To purify BChE from human plasma, ~100 µl of Mag_STAVD/BT_Ab_BChE complex was mixed with 500 µl of either untreated or paraoxon-treated plasma sample and incubated for 15 h at 4 °C with gentle rotation followed by 1 h incubation at the room temperature. After separating the complex with a magnetic device, the beads were washed once with PBST buffer (PBS buffer with 0.1% Tween 20; pH 7.4) and 500 mM NaCl and then three times with PBST without NaCl. The bound BChE was released with 40 µl of elution buffer, and the process was repeated one more time. The protein concentration of the combined eluate was determined using the BCA protein assay (Pierce, Rockford, IL)

2.4 Western blot analysis

Extracted BChE samples were lyophilized and re-suspended in the SDS-PAGE sample buffer (50 mM Tris-HCl, pH 6.8, 2% SDS, 10% glycerol, 1% β-mercaptoethanol, and 0.01% bromophenol blue), and subjected to 1D SDS-PAGE analysis in a 4–12% pre-cast gradient gel (Invitrogen) and electrophoresed at 200 volts for 35 min with MES-SDS running buffer (Invitrogen). The resolved proteins were either silver stained [25] or transferred to PVDF membranes with the aid of a semi-wet transferring system (Bio-Rad) for western blotting. The membrane blots were blocked with a PBS/TBS super-blocking buffer (Thermo Scientific) including 1% polyvinylpyrolidone (PVP) and 2 mM Na₃VO₄, and immunoblotted with selected polyclonal antibodies. After washing with the washing buffer (50 mM Tris-HCl, 150 mM NaCl, 0.05% Tween, pH 8.0), the membranes were further incubated with the horseradish peroxidase-conjugated secondary antibodies. The membranes were subjected to chemiluminescence detection using a SuperSignal West Femto Chemiluminescent kit (Pierce/Thermo Scientific) and signals were detected by scanning in PDQuest GS-710 on a flatbed scanner.

2.5 Protein digestion

Standard BChE or purified BChE from human plasma were digested following the same protocol. 40 µl aliquots containing about 10 µg of purified BChE were lyophylized and reconstituted in 40 µl of 50 mM NH₄HCO₃ (pH 7.8). Proteins were denatured with 8 M urea for 30 min and reduced with 10 mM dithiothreitol for 30 min at 60°C, and alkylated with 25 mM iodoacetamide at room temperature in the dark for 1.5 h. The sample was diluted 10 fold with 50 mM NH₄HCO₃ and 5 µl trypsin freshly prepared in 50 mM NH₄HCO₃ (0.1 µg/µl) was added to the sample and the digestion was performed at 37 °C for 3 h with gentle shaking. The digested sample was desalted using Omix-C18 tips (Varian Inc.), and peptides from C₁₈ tips were eluted twice, first in 10 µl of 50% acetonitrile, 0.1% acetic acid, and then in 10 µl of 90% acetonitrile, 0.1% acetic acid. The combined eluate was dried in a SpeedVac and reconstituted in 20 µl of 25 mM NH₄HCO₃ for LC- MS/MS analysis.

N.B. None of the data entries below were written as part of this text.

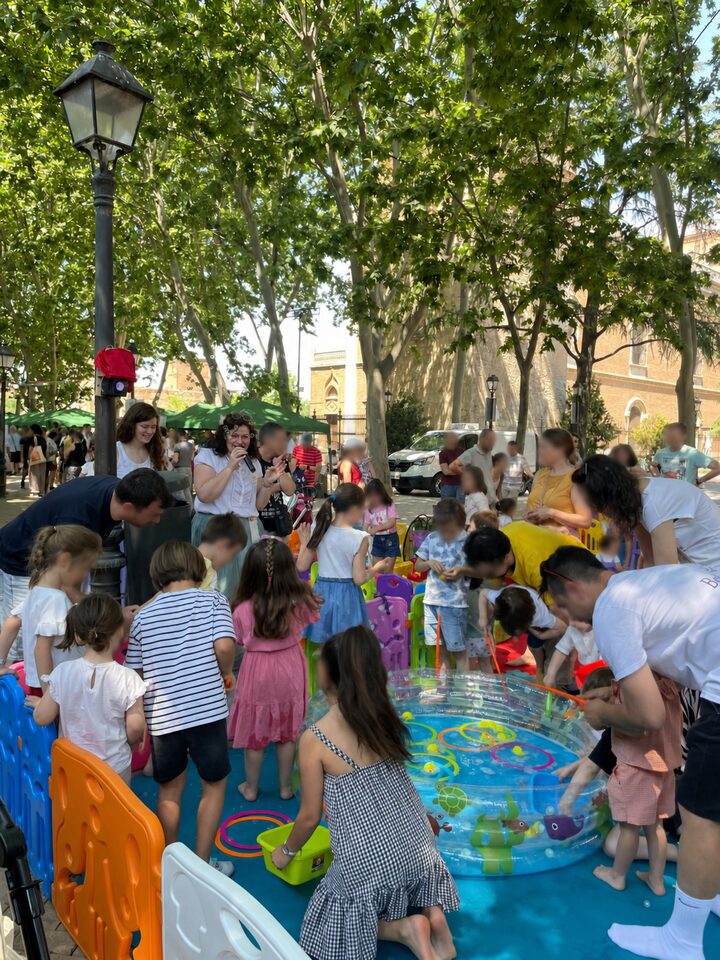 Actividad familiar de YUCAX en la Plaza Palacio de Alcalá de Henares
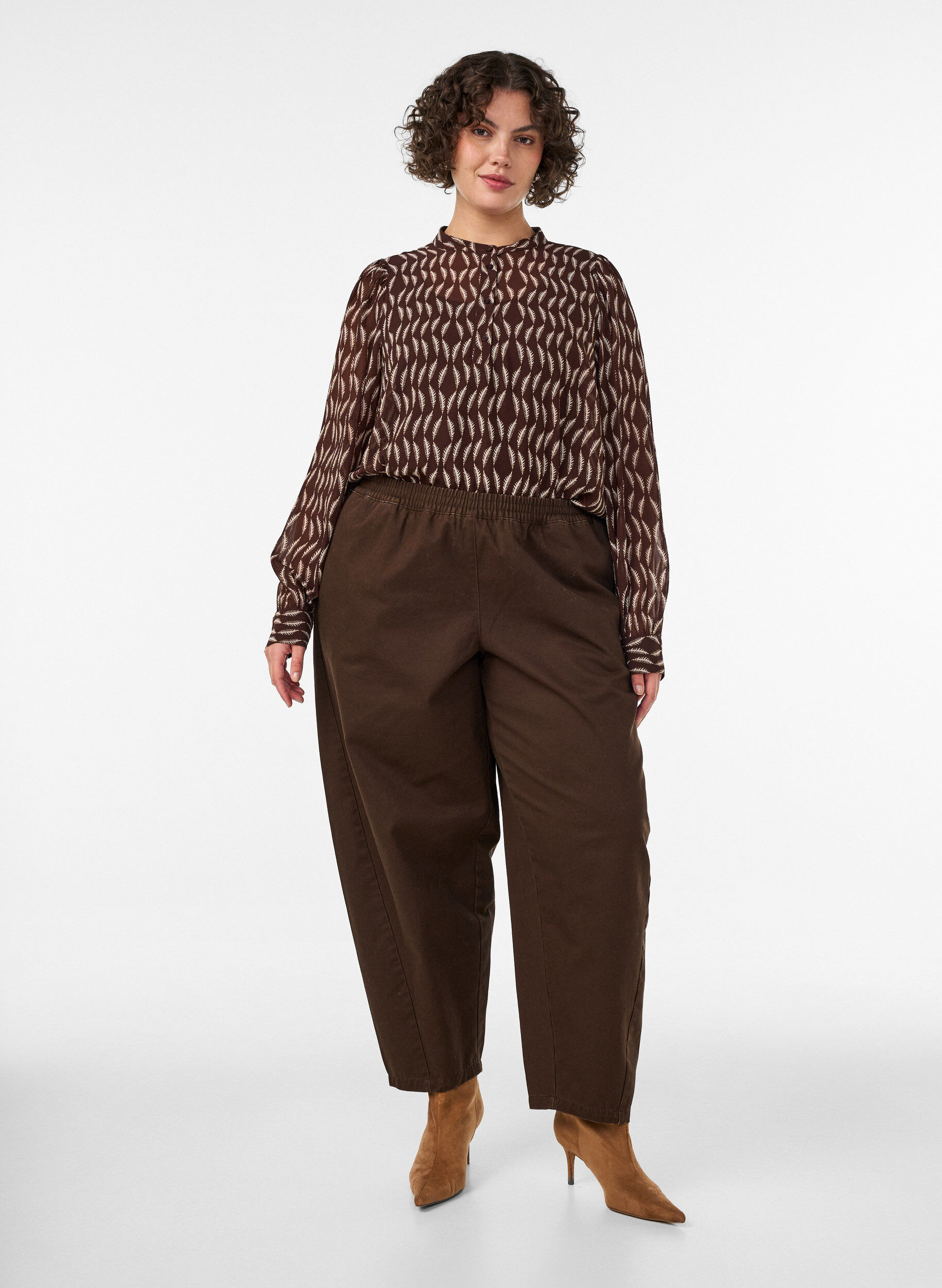 ZizzifashionBlouse with all-over print and short button placket, Brown, Model image number 1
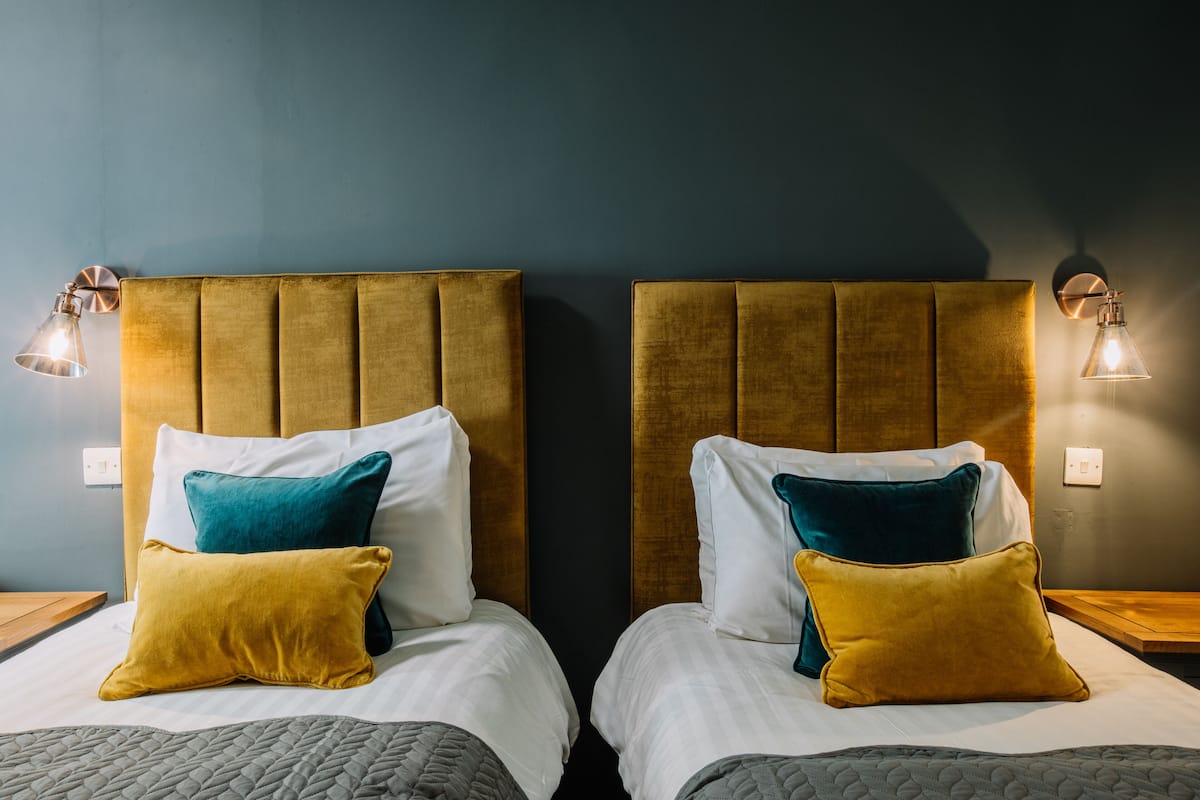 classic twin room | desk, laptop workspace, iron/ironing board, free wifi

2.6 Capillary LC-MS/MS analysis

The peptide samples were analyzed using a custom built automated nano-flow, metal-free nanoLC system [26] with a 40-cm long, 50 µm i.d. capillary column packed (in-house) with 3 µm Jupiter (Phenomenex, Torrance, CA) C₁₈ silica. An uncoated fused silica capillary pulled (5-µm at the capillary tip and 20 µm i.d. at the column junction) was joined to the column using a pico-clear union (both from New Objective, Woburn, MA). 5 µL sample was injected onto the column for each analysis and peptides were separated using a 150 min linear gradient form 0 to 70% of solvent B (mobile phase solvent A contained 0.1 M acetic acid in water and solvent B contained 0.1 M acetic acid in 100% acetonitrile) at a flow rate of 300 nl/min. Mass spectra were acquired using an LTQ-Orbitrap (ThermoScientific, San Jose, CA) that provided a 60,000 resolution for MS survey scans, followed by 10 MS/MS scans of the top 10 abundant parent ions, with a dynamic exclusion time of 30 s used for parent ion selection. The heated capillary was maintained at 200 °C, and the ESI voltage was held at 2.2 kV. MS/MS spectra were searched against the UniProt human database using the X!Tandem [27] algorithm to identify the enzyme using the following parameters: no enzyme rules, carboxamidomethylation of cysteine (57.02 Da) as a fixed modification, and monoethyl-phosphorylation (107.998 Da) and phosphorylation (79.966) on serine, threonine, and tyrosine residues as a variable modification. The maximum allowed mass tolerances for MS parent ions and MS/MS fragments were 5 ppm and 0.5 Da, respectively.

3. Results and discussion

3.1. Immunoaffinity enrichment of BChE

In order to specifically detect the phosphorylated BChE peptide in human plasma, target enrichment is an important step prior to LC-MS/MS analysis. Fig. 1 illustrates the overall strategy for immunoaffinity purification of BChE. Briefly, BChE is captured by streptavidin magnetic beads conjugated with biotin-anti-BChE antibodies, which bind to both the native and modified BChE. The proteins are then eluted for western blot and LC-MS/MS analyses to identify the modified peptide.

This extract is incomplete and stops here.